A experiência democrática dos conselhos diverge completamente da tradição de decisão política a partir das cúpulas dos partidos, sindicatos, e outras organizações sociais. Os conselhos foram instrumentos políticos construídos a partir dos aprendizados com as derrotas e avanços da luta de classes. Dizem respeito a uma cultura política construída em largo tempo histórico, que considera como relevantes a elevação da formação da consciência, o conhecimento da histórica, o senso de estratégia e tática, o direito à cultura geral e ao senso estético apurado.
O livro que está sendo lançado é uma construção coletiva organizada a partir das exposições dos palestrantes do seminário sobre o Centenário da Revolução Russa e a construção da pedagogia socialista que ocorreu na ENFF, foi organizado por Roseli Salete Caldart e por mim, mas tem textos de autores renomeados em suas áreas de pesquisa. A Revolução foi retirada de pauta em 1964, pelo golpe militar-civil. Desde então passou a ser visto como algo ultrapassado recolocar o ponto em questão. Entretanto, conforme parâmetros marxistas, não estaríamos nós, nessa conjuntura, voltando a viver uma situação revolucionária?
Que papel a agitação e a propaganda desempenharam enquanto forma de comunicação no processo da Revolução Russa em 1917? O uso do jornal foi importante nesse período?
É preciso registrar que a Rússia de 1917 tinha cerca de 80% da população analfabeta e a maior extensão territorial do mundo. Logo, até mesmo para que as comunidades distantes das grandes cidades ficassem sabendo do desencadeamento e do significado da revolução foi preciso grande esforço logístico, artístico e militar, para levar por meio de trens e barcos a agitação e propaganda em diversas linguagens: pelo cinema, teatro, artes plásticas, poesia, música, jornal, debates, etc.
Lenin considerava que a agitprop era o meio mais eficaz de instrução das massas, portanto, estamos falando de uma proposta política e pedagógica com alto nível de elaboração. E não do sentido rebaixado que nos chegou, de agitprop como algo panfletário, raso, rebaixado esteticamente. Sim, o jornal cumpria um papel informativo, formativo e organizativo das massas. Uma das conquistas da tentativa de revolução de 1905 foi a maior liberdade de imprensa na Rússia Czarista, o que permitiu o fortalecimento da cultura do debate de ideias, e isso se intensifica a partir da luta que culminou na queda do czar em fevereiro de 1917.
Qual herança da agitprop podemos perceber atualmente nos movimentos populares do Brasil?
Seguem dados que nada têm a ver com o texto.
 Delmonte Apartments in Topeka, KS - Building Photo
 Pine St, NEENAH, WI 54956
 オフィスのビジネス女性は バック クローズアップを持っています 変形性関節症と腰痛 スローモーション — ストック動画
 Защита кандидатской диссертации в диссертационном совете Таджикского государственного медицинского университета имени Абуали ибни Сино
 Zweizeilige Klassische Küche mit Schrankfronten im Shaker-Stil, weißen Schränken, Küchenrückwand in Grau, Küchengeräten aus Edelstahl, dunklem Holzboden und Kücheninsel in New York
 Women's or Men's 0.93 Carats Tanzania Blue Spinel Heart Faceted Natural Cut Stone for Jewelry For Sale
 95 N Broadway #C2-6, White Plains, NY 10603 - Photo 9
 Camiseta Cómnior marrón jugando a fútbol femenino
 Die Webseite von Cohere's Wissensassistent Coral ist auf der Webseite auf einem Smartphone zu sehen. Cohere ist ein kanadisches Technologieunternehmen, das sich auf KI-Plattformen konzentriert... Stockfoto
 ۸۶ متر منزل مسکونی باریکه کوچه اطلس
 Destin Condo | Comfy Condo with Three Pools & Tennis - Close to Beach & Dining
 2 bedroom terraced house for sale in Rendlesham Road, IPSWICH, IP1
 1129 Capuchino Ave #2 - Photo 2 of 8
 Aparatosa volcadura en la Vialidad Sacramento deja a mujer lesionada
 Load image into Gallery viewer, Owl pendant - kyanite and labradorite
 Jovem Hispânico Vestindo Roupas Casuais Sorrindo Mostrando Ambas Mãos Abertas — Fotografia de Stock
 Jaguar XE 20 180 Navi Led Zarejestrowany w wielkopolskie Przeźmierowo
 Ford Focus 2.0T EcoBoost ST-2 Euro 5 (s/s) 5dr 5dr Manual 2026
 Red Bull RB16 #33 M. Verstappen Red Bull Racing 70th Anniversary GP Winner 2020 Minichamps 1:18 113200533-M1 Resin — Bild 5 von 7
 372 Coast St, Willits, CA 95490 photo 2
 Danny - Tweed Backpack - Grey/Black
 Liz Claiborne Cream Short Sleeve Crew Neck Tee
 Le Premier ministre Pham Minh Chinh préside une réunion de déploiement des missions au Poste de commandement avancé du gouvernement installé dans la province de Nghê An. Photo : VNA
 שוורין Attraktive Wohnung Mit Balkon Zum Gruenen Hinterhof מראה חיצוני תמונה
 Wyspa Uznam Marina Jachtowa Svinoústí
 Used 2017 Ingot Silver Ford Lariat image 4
Existem movimentos do campo, como o Movimento dos Trabalhadores Rurais Sem Terra, o Movimento dos Pequenos Agricultores, e o Movimento dos Atingidos por Barragens que realizaram estudos de experiências anteriores e que têm acumulado processos organizativos, formativos e culturais nessa área.
E movimentos urbanos como o Levante Popular da Juventude. Uma das heranças atuais é o reencontro do agitprop com o trabalho de base, e com métodos de educação popular, sobretudo, após o rompimento aparentemente definitivo do pacto de conciliação de classes que regiu a democracia parlamentar burguesa no Brasil desde o fim da ditadura, em 1985. Outro legado se dá no campo dos experimentos estéticos com a fusão de diversas linguagens, por exemplo, na tradição das místicas e jornadas socialistas dos movimentos sociais.